---------- Collected material ----------

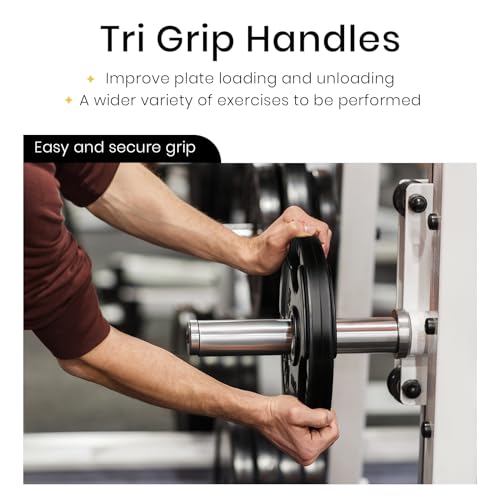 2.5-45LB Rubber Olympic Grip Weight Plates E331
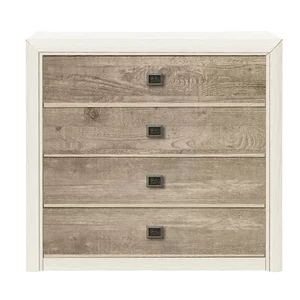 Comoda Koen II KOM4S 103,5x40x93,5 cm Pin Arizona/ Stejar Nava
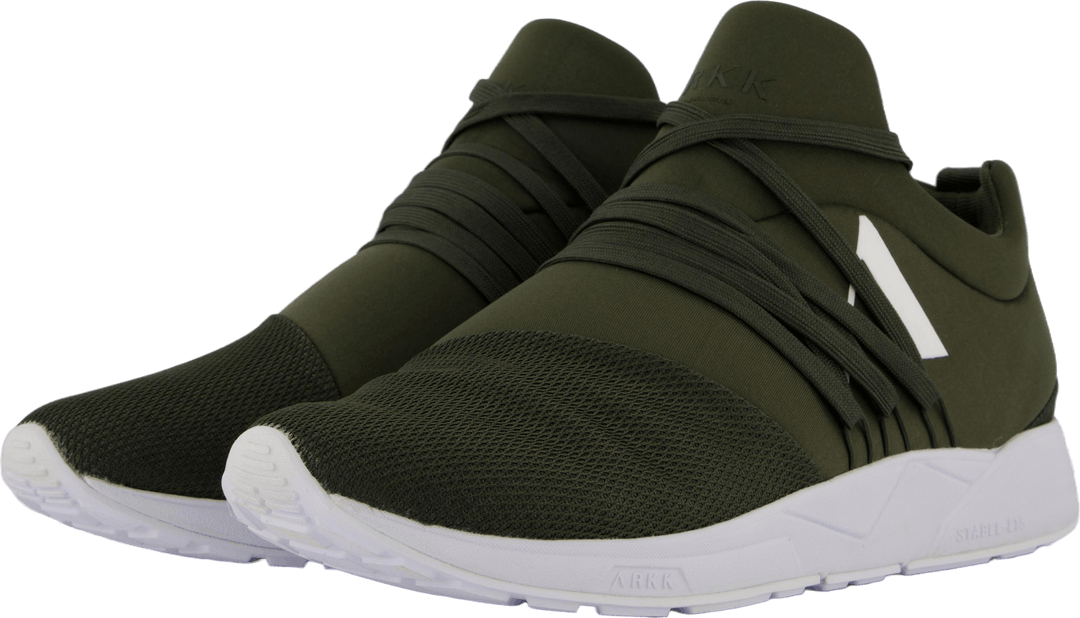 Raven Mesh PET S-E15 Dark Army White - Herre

----------

What the task asks -> Without including any picture, set down every line above exactly as it stands.

Completed exercise ->
 2.5-45LB Rubber Olympic Grip Weight Plates E331
 Comoda Koen II KOM4S 103,5x40x93,5 cm Pin Arizona/ Stejar Nava
 Raven Mesh PET S-E15 Dark Army White - Herre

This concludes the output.